A second lifespan protein the group had discovered earlier, known as DAF-12, acts in the cells of animals as a receptor for a hormone. The germline stems cells, the researchers conclude, affect aging through their influence on a steroid hormone. They now want to find out more precisely how the germline stem cells affect hormone action.
"We’re now searching for the missing pieces," Kenyon explains. "We’re looking for other proteins that may be involved in this surprising level of control over lifespan. We particularly want to know more about this steroid hormone. What is it?

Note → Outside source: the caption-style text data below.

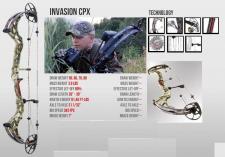 Блочный лук  фирмы Bowtech "INVASION CPX".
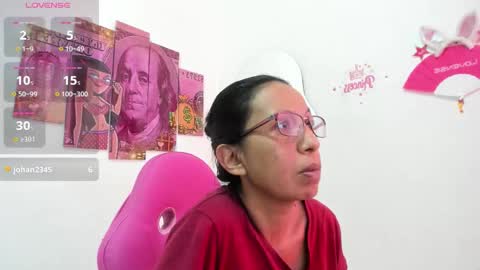 Snapshot of pricesa_milf chatting on 01.31.26 Princessa online show from 01.31.26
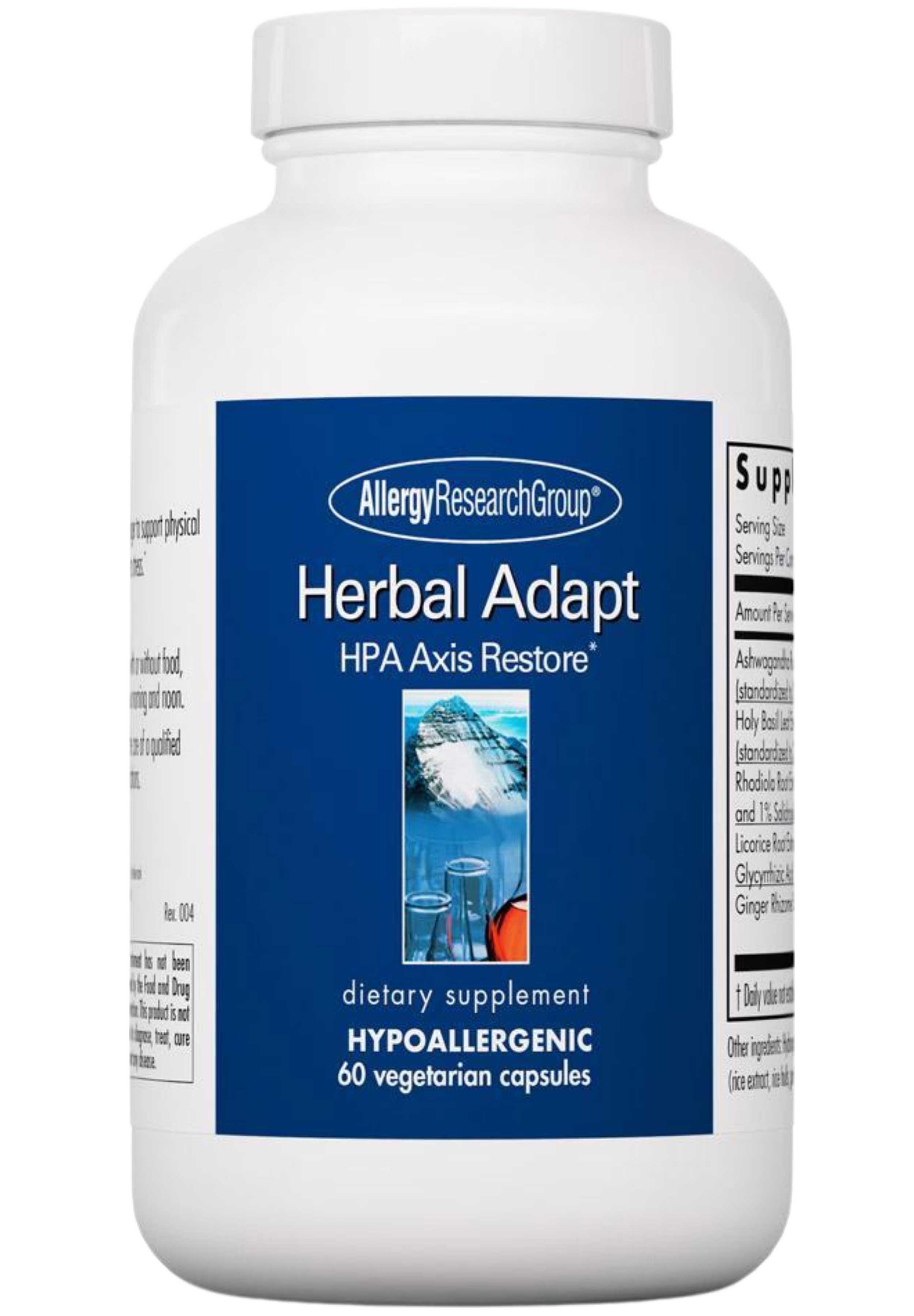 Allergy Research Group Herbal Adapt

Do humans have it?"
Overall, the research reveals a refined system of control over lifespan in C. elegans, both through the ability of the somatic gonads to increase longevity, and the newfound capacity of the proliferating germline stem cells to shorten life.
Collaborators in the research and coauthors on the paper are Javier Apfeld, PhD, a graduate student in the Kenyon lab when the research was carried out; and Andrew Dillin, PhD, a postdoctoral fellow at UCSF in biochemistry and biophsyics.
The research was supported by the National Institutes of Health, a Howard Hughes Medical Institute predoctoral fellowship, the Portuguese Foundation of Science and Technology , the Gulbenkian Foundation and the Damon Runyon-Walter Winchell Foundation.